Monday, December 14, 2009

3-Iron: Grade B

B
3-Iron (2004)

Seung-yeon Lee, Hyun-kyoon Lee, Hyuk-ho Kwon; Writer and director Ki-duk Kim. (Korean, subtitled).

A young man (S. Lee) breaks into empty houses in a Korean city and makes himself comfortable for a few days. The owners are away (which he learns from their answering machine message) so he eats their food, sleeps there, watches TV, fixes their broken appliances, waters their plants, does their laundry, then leaves. It’s a neat premise. In one house however, there is a battered woman (H. Lee) who watches him, then confronts him wordlessly. In fact, neither character says a word to each other in the whole movie. (The woman says five words at the very end, but it is ambiguous whom she is addressing). So the movie is almost a silent film, giving it a dreamlike quality.
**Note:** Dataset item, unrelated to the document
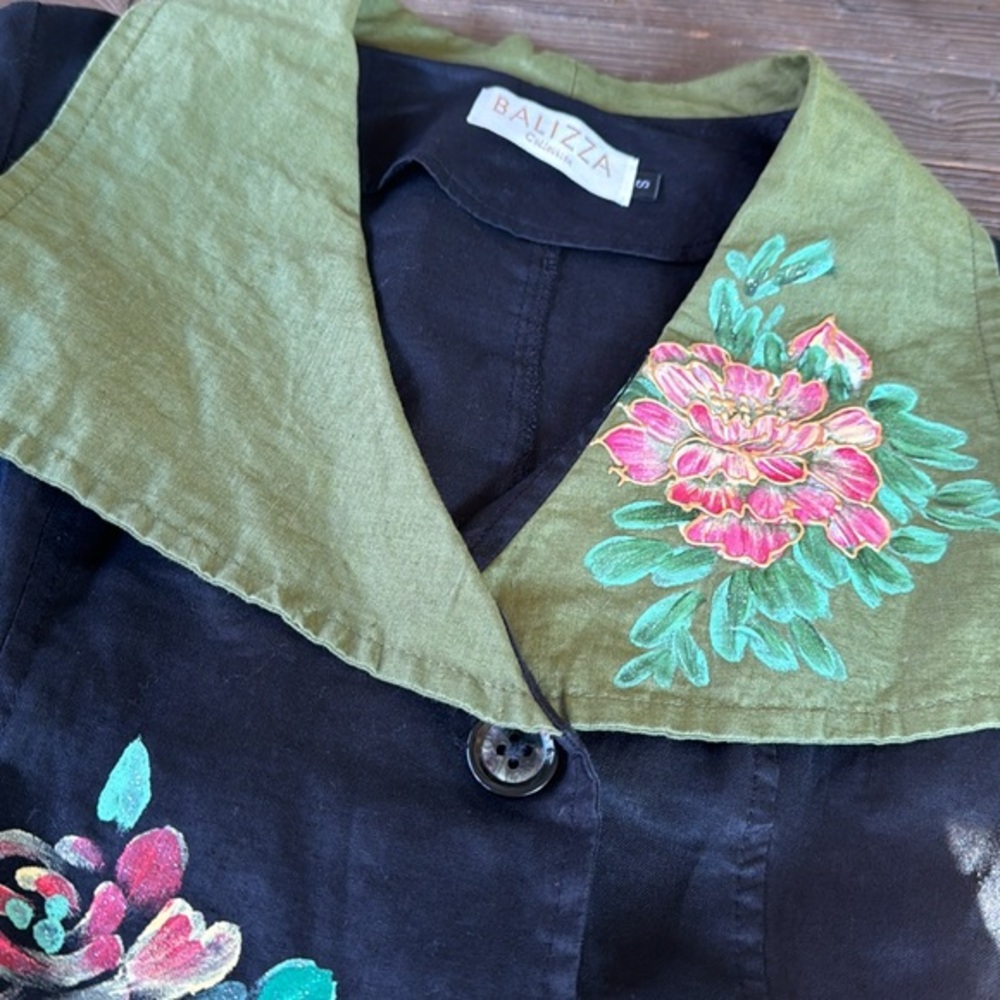 Balizza hand painted cotton trench artisan made‎ EUC size small - Picture 9 of 12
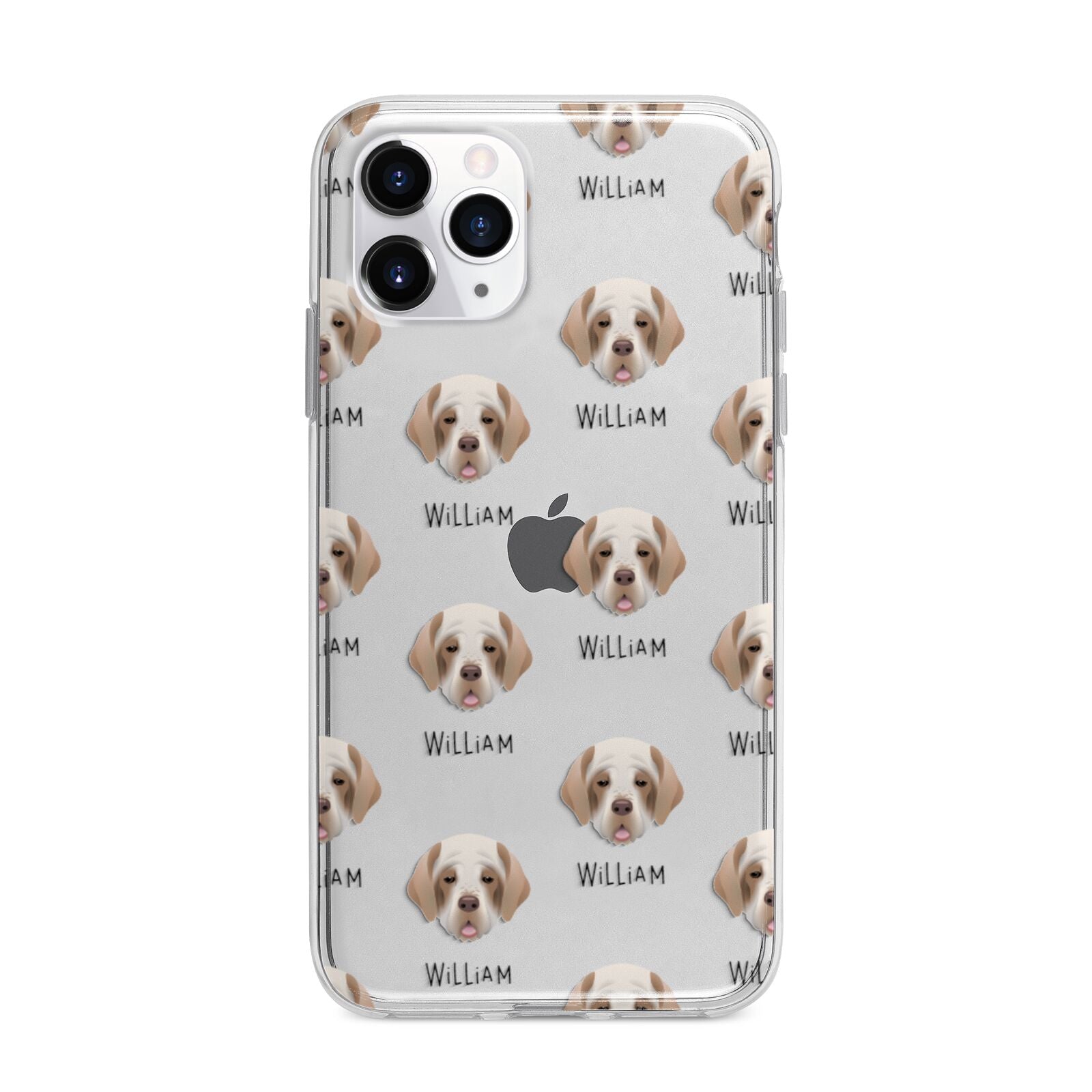 Clumber Spaniel Icon with Name Apple iPhone 11 Pro in Silver with Bumper Case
The young man saves her from another beating by her mean husband who comes home, and she runs off with the young man and joins him in his house-breaking enterprise. Inevitably they get caught when the family comes home unexpectedly. In one case, it is not clear how that problem was resolved, but in another, the young man ends up in jail and the woman is returned to her husband. The ending is not really a proper resolution but is emotionally satisfying. Photography is good, directing is good, and sets are excellent. It’s a beautiful, quiet, romantic story worth seeing. Only the lightweight (even silly) plot detracts from its overall quality.